Average Page rendered in 0.376 seconds

El Forum

[eluser]Alan Wizemann[/eluser]
Wow, thanks for this benchmark - it really does show a pretty decent speed increase to the include, aside from time though, I bet memory and CPU utilization are also lower. Although this is an extreme case, some of our route files can be upwards of 1000 records, so I have to say this definitively proves we are going the right route for ultimate speed (no pun intended).

I think the include method with APC active, can really make things cook.

Thanks again!

El Forum

[eluser]doubleplusgood[/eluser]
Bit late to this one and still trying to process the excellent example...

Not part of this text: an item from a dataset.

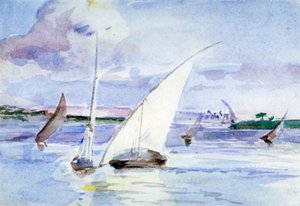 「帆船のある湖」、c1864-1930 作： Anna Lea Merritt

However, I was wondering if I was to create a 'pages' and 'blog' tables for example. Could the insert/update operations for those tables also post to the routes database or would I not need to go to that extent? Rather than keeping all of the 'slugs' in the pages and blog tables?

Thank you.

El Forum

[eluser]Spir[/eluser]
edit: nevermind I just underdtood Datamapper was a lib http://stensi.com/datamapper/

El Forum

[eluser]Clooner[/eluser]
I use also a form of database driven routes in my CI site and it works really straight forward with no speed loss what so ever. It uses only a couple of lines of code.

It doesn't use hooks or hacks into the system and it uses the standard AR from CI.

In my router file I check if a file exists. If it doesn't exist it uses the default routes which in all cases forwards you to a controller which generates an array from the database. This array contains the routing information. This array is then saved in a cache file. The controller redirects itself and next time the router is accessed the cache file is loaded. The cache file is updated once a day.

Simple, Effective and no speed loss.